'Missing' to 'Recovered': Finding Abducted Kids
Jan. 13, 2007 — -- "RECOVERED," written in bold red letters across the photo of a young Shawn Hornbeck, was a word his family hoped, but was unsure, it would ever see.
The 4'8" brown-haired, brown-eyed boy pictured behind those letters is one of the lucky ones. Four and a half years after that photo was taken, Hornbeck, now a young man, has come home.
"MISSING" is the word more commonly printed over the faces of children listed on the National Center for Missing and Exploited Children's Web site. Nearly 800,000 children disappear every year in the United States.
While 99 percent of those children are found, the one percent who are not represent 5,000 to 10,000 children; children who are out there, somewhere, perhaps waiting to be rescued.
The odds were against Hornbeck. Seventy-four percent of missing children in cases like Hornbeck's are killed within the first three hours of abduction. A child rescued after years of captivity is almost unheard of.
"No question that Shawn has beaten the odds" said Ernie Allen, president of the National Center for Missing and Exploited Children (NCMEC). "The longer it goes, the lower the likelihood of finding them safely."
NCMEC played a vital role in locating Hornbeck.

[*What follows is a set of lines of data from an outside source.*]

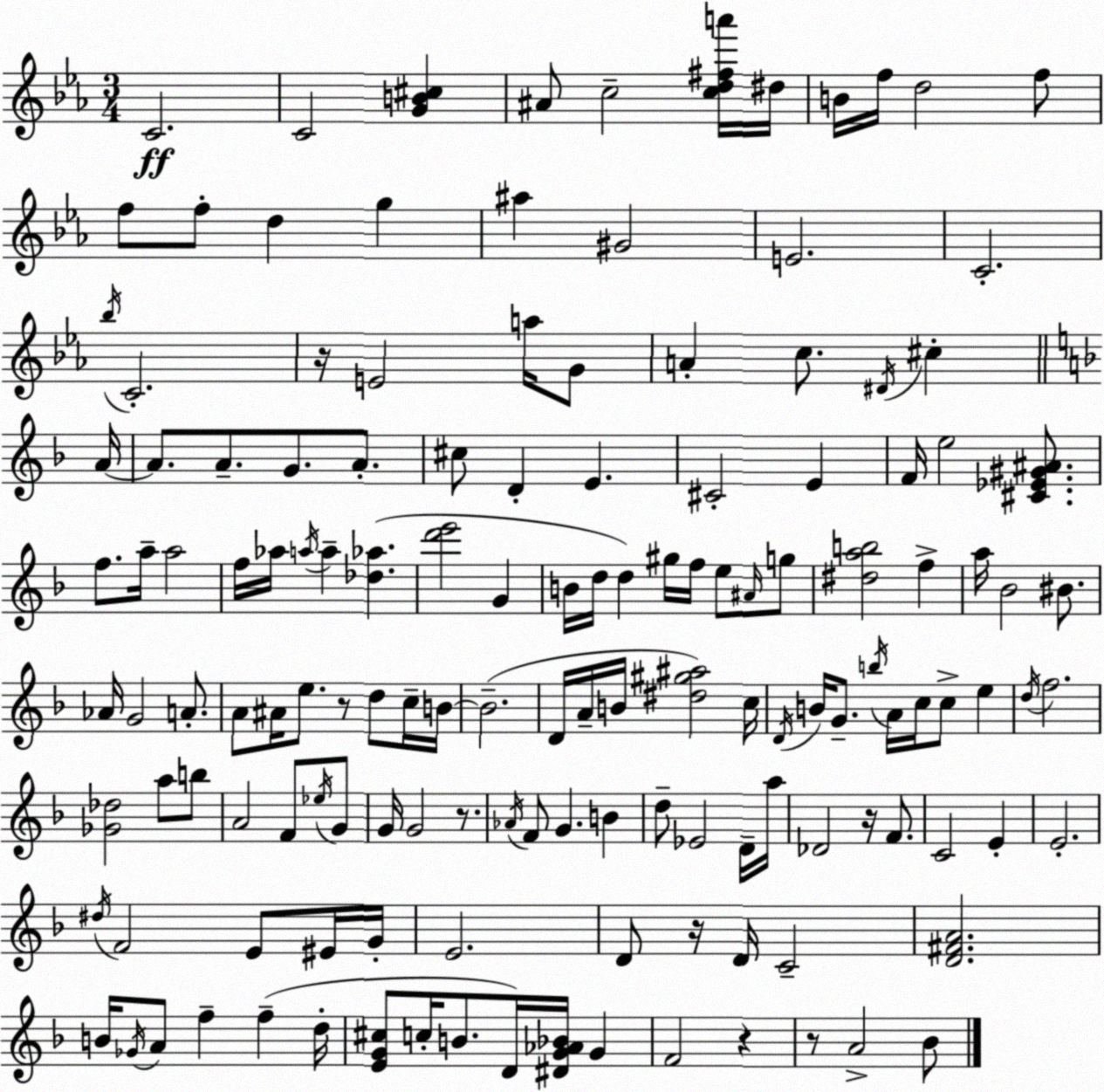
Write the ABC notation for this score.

X:1
T:Untitled
M:3/4
L:1/4
K:Cm
C2 C2 [GB^c] ^A/2 c2 [cd^fa']/4 ^d/4 B/4 f/4 d2 f/2 f/2 f/2 d g ^a ^G2 E2 C2 _b/4 C2 z/4 E2 a/4 G/2 A c/2 ^D/4 ^c A/4 A/2 A/2 G/2 A/2 ^c/2 D E ^C2 E F/4 e2 [^C_E^G^A]/2 f/2 a/4 a2 f/4 _a/4 a/4 a [_d_a] [d'e']2 G B/4 d/4 d ^g/4 f/4 e/2 ^A/4 g/2 [^dab]2 f a/4 _B2 ^B/2 _A/4 G2 A/2 A/2 ^A/4 e/2 z/2 d/2 c/4 B/4 B2 D/4 A/4 B/4 [^d^g^a]2 c/4 D/4 B/4 G/2 b/4 A/4 c/4 c/2 e d/4 f2 [_G_d]2 a/2 b/2 A2 F/2 _e/4 G/2 G/4 G2 z/2 _A/4 F/2 G B d/2 _E2 D/4 a/4 _D2 z/4 F/2 C2 E E2 ^d/4 F2 E/2 ^E/4 G/4 E2 D/2 z/4 D/4 C2 [D^FA]2 B/4 _G/4 A/2 f f d/4 [EG^c]/2 c/4 B/2 D/4 [^DG_A_B]/4 G F2 z z/2 A2 _B/2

Founded 22 years ago, shortly after the Missing Children's Act was passed in 1982, the center has been the most influential advocate for locating missing children. Since 1990, the recovery rate for missing children has climbed from just 62 percent to 96.3 percent today.
Allen attributes that success partly to the development of new technology.
"Simply the ability to transmit images and information instantly across America and the world has revolutionized the search for children," said Allen.
There are also new laws that aid investigators in missing children cases. The most important did away with waiting periods that required children to be missing 24 to 72 hours before being officially declared as "missing."